A powerhead driven sponge filter is what you're looking for. I would get two powerheads, put one at each end of the tank. 

The powerheads can just be placed with suction cups inside the tank and will move around more water than an air-pump while still being much quieter...this type of filter is usually completely silent, (unless you feed air into the powerhead for added aeration, which you wouldn't need, especially with such a low bioload). Just point them along the surface to get a slight ripple...what you want is Laminar flow across the surface to break up any films and aid in gas exchange while the sponges below provide a massive surface for bacteria to colonize.


----------



## goodbytes (Aug 18, 2014)

I used a small powerhead and a sponge filter rated for 80 gallons on my 55 in conjunction with an AC 70 for three months no problem. My bioload is a bit more than double yours though. A couple of sponges with powerheads is advisable to get good water circulation ensuring even distribution of heat and preventing dead spots while aiding in mechanical filtration.
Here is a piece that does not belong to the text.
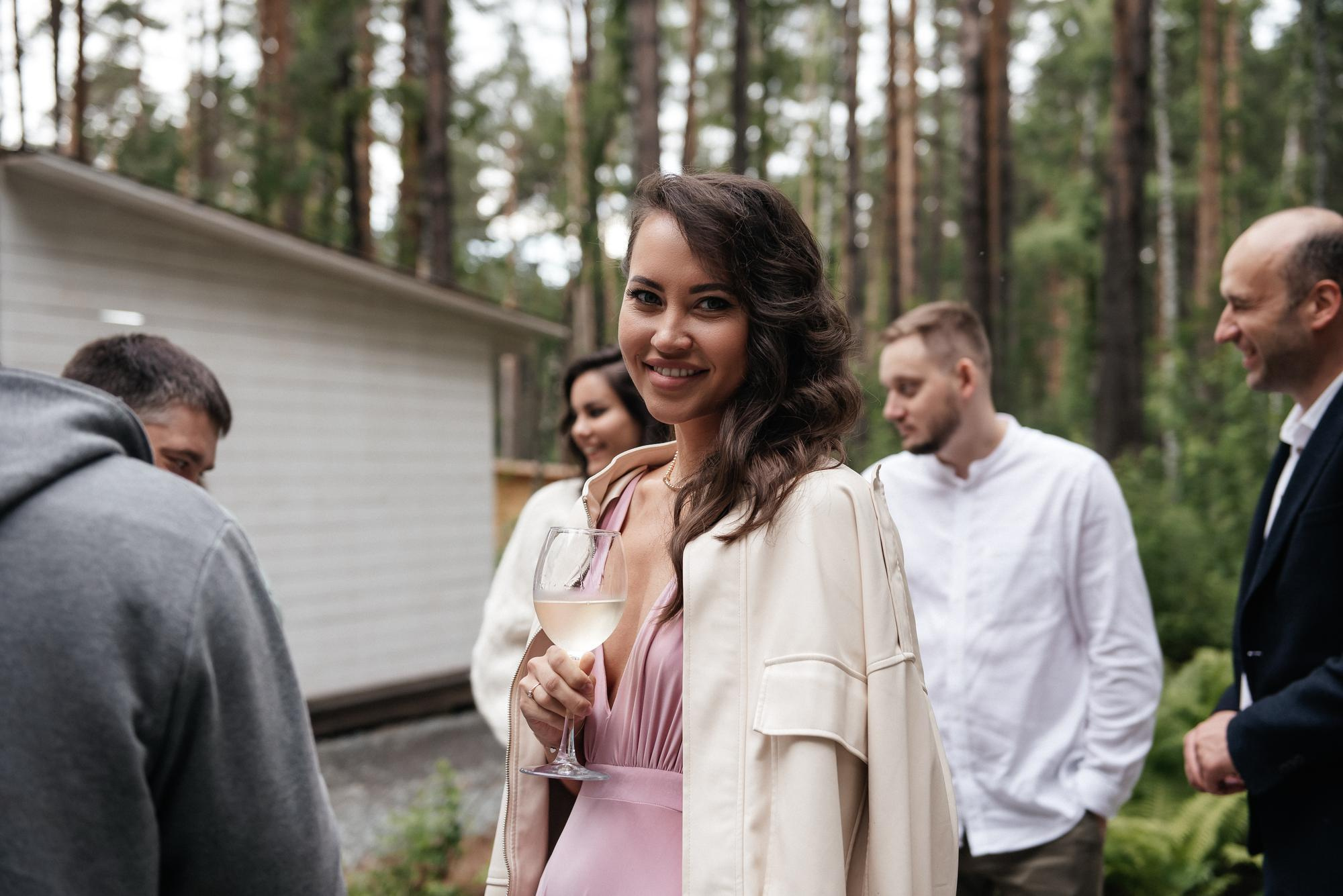 Оля и Данил. Свадебный и семейный фотограф в Новосибирске Наталья Зорина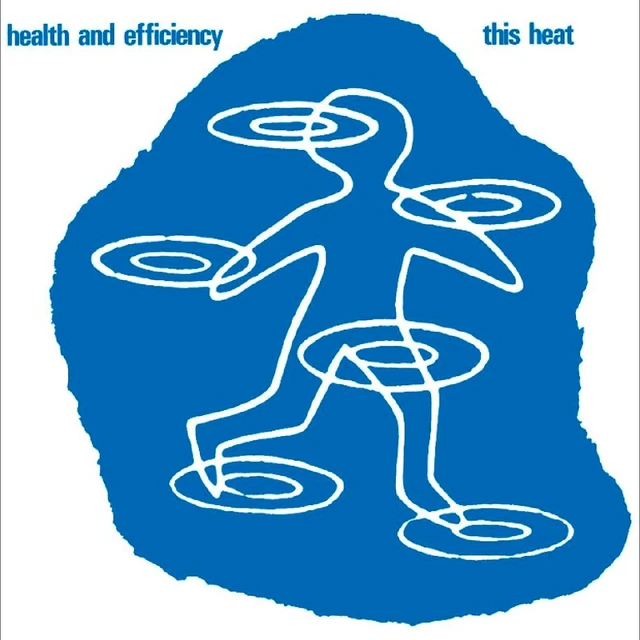 This Heat Health And Efficiency (12")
Although mechanical filtration is more limited with sponges for the number of fish you have and if you feed lightly they should do just fine. Hydro Pro sponges are excellent and come highly recommended so you might want to take a look. Since you already run an air pump you could probably save a bit by running one sponge on an oversized powerhead and the other on the air pump. This will also prevent the film that collects on the surface in the absence of a good ripple.


----------



## Bushkill (Feb 15, 2012)

I have 24 tanks running and only two have canisters. The rest run on simple air-driven sponge filters. The key is to match your bioload to your filter's capacity. No, it's not X inches per gallon. The formula is way more complicated and pretty much unique to each tank. 

You mention that you're trying to make things "steadier" which I read to mean that you may be having or have had issues at some point. As suggested, running whatever filter you choose full-time is a minimum. Whatever bacteria you've accumulated is either starved or suffocated during the down time and may likely cause mini-cycles.


----------



## bmeate (Feb 9, 2014)

I never really have any issues but I suppose I want things to 'steady out' easier if say a fish died, I disturbed too much gravel, changed my parameters in any sort of form. Tank has been running great. 

Yeah so what's a low gpm rate I could add? For no legitimate reasons I really don't like the huge volume flow I would get when running my cannister filter and the oscilating powerhead I used to have

Cheaper is better. I'm gonna look up my options right now, but does anyone have any other suggestions suitable to low cost, minimal water flow


----------



## Midnighttide102 (Oct 2, 2014)

API sponge and a air pump you can turn it down to flow slow not going to get much cheaper then that to buy& run ....


----------



## bmeate (Feb 9, 2014)

what kind of sponge should i get with this, and how would i attach it?
Amazon.com : Rio Plus 50 Aqua Pump - 69 GPH : Aquarium Water Pumps : Pet Supplies
There is also a 211gph version which i believe isnt that crazy of a flow, thats almost a gallon every 15 seconds... hmmm maybe that is a lot


----------



## bmeate (Feb 9, 2014)

anyone?


----------



## Aquarist_Fist (Jul 22, 2008)

I'm not quite sure I understand the advantage of a pump with a sponge. If you want filtration, get a filter. Looks nicer and is a lot less messy when you need to clean it. If you just want water movement, get the pump with just the inlet basket thing and without a sponge (unless you need to protect small fish, shrimp, etc.). If your tank is well established and you do your water changes, you can probably get by without a filter. 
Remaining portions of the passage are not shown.